Compte tenu de l'importante perte de pouvoir d'achat subie par les plus pauvres au Royaume-Uni ou en Estonie, le FMI estime que "la mise en place de mesures d'aide pour soutenir les ménages à faible revenu, qui ont moins de moyens pour faire face à la flambée des prix de l'énergie, est une priorité".
Le FMI préconise des aides plus ciblées
L'institution monétaire se montre en revanche critique à l'égard des pays, comme la France, qui ont choisi de mettre en place des aides profitant aussi bien aux plus riches qu'aux plus pauvres: "Les décideurs politiques devraient s'éloigner résolument des mesures générales pour adopter des politiques d'aide ciblées, notamment une aide au revenu pour les plus vulnérables". Cette solution visant à compenser intégralement l'augmentation du coût de la vie pour les 20% les plus modestes serait bien moins coûteuse: de l'ordre de 0,4% du PIB en moyenne, contre 1,5% aujourd'hui avec des dispositifs de soutien non ciblés.
Le FMI rappelle de surcroît que ces aides généralisées contribuent à maintenir les prix à un niveau élevé et est en contradiction avec les injonctions à faire des économies d'énergies et à se passer des énergies fossiles:
"Jusqu'à présent, les décideurs politiques européens ont réagi à la flambée des prix de l'énergie principalement par des mesures générales de suppression des prix, notamment des subventions, des réductions d'impôts et des contrôles des prix. Mais la suppression de la répercussion sur les prix de détail ne fait que retarder l'ajustement nécessaire au choc énergétique en réduisant les incitations pour les ménages et les entreprises à économiser l'énergie (...). Elle maintient la demande mondiale d'énergie et les prix plus élevés qu'ils ne le seraient autrement".
"Avec des prix de l'énergie susceptibles de rester au-dessus des niveaux d'avant-crise pendant un certain temps, l'Europe doit s'adapter à des factures d'importation plus élevées pour les combustibles fossiles", poursuit le FMI qui appelle à ce que "la totalité de l'augmentation des coûts" de ces énergies "soit répercutée sur les utilisateurs finaux afin d'inciter aux économies d'énergies et à l'abandon des combustibles fossiles". En clair, laisser faire le marché, tout en soutenant "les ménages à faible revenu qui souffrent le plus de l'augmentation des factures énergétiques".
L'ONU plaide pour une taxe sur les "super-profits"

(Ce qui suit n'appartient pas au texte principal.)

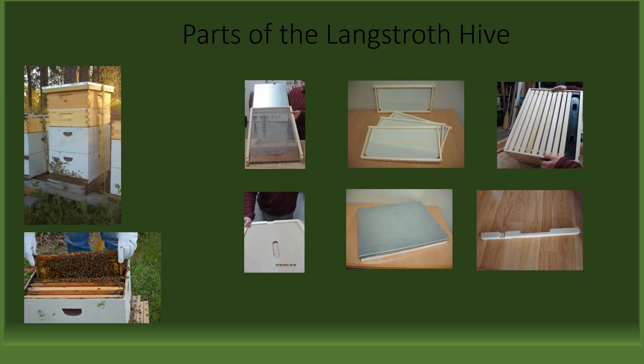Continuing to the right, a deep hive body with nine frames and an in-line feeder. Below the screen bottom board, an inner cover with an oblong hole which allows airflow as well as a spot to insert a bee escape, which allows a one-way passage for bees when placed between the honey super and hive bodies when getting ready to harvest honey. The inner cover is necessary as a spacer between the top box of the hive and the top cover so that the beekeeper is able to use their hive tool to break the propolis that the bees used to attach the top cover to the top hive body.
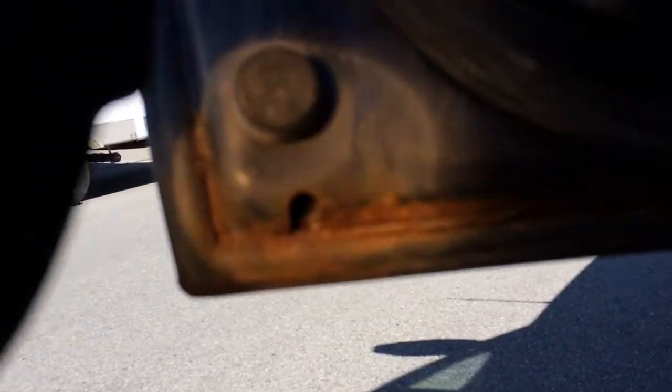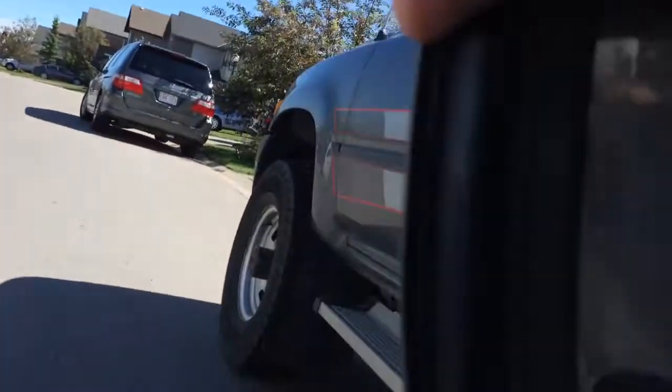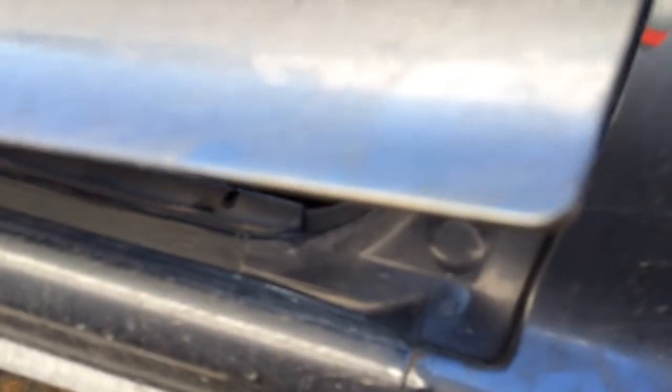That's probably the worst of it right there, on all four doors I would say. Not showing up anywhere on the front side.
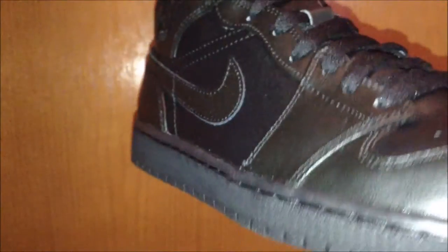Yep, all black Jordan 1 mid. Thank you guys for watching — stay tuned for more deals and stuff from moretesters.com. Until the next one, have a great day.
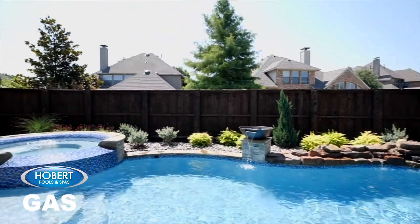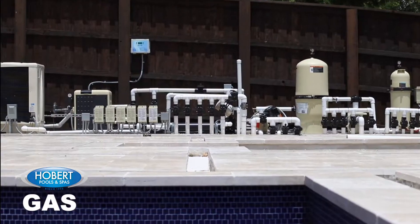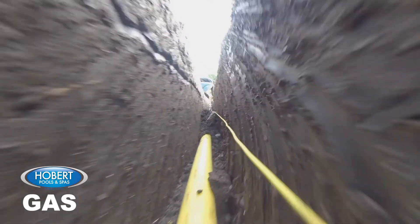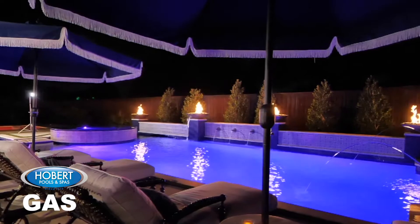If you purchased a heater for your pool and spa, a licensed utility plumber will dig a trench from your gas meter to the pool equipment heater. Oftentimes, this requires tunneling under your driveway to create the shortest gas run between the meter and the heater.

Comme le FMI, l'ONU plaide pour des mesures de soutien ciblés sur les plus modestes. Mais le secrétaire générale des Nations unies, Antonio Guterras a également appelé à taxer les "super-profits" des compagnies pétrolières alors que les profits cumulés des cinq plus grosses entreprises du secteur (TotalEnergies, Shell, Exxon, Chevron et BP) se sont établis à 62,5 milliards de dollars au deuxième trimestre:
"Il est immoral que les sociétés pétrolières et gazières réalisent des profits records grâce à la crise énergétique actuelle sur le dos des plus pauvres, à un coût énorme pour le climat" écrit le Portugais sur Twitter. "J'exhorte tous les gouvernements à taxer ces profits excessifs et à utiliser les fonds pour soutenir les personnes les plus vulnérables."
De son côté, le FMI n'évoque pas l'idée d'une taxe sur les super-profits des entreprises pour financer les aides énergétiques aux plus vulnérables. L'institution se dit seulement peu favorable à la mise en place de régime de soutien aux entreprises, sauf pour celles qui seraient menacées de faillite à court terme en raison de la flambée des prix de l'énergie.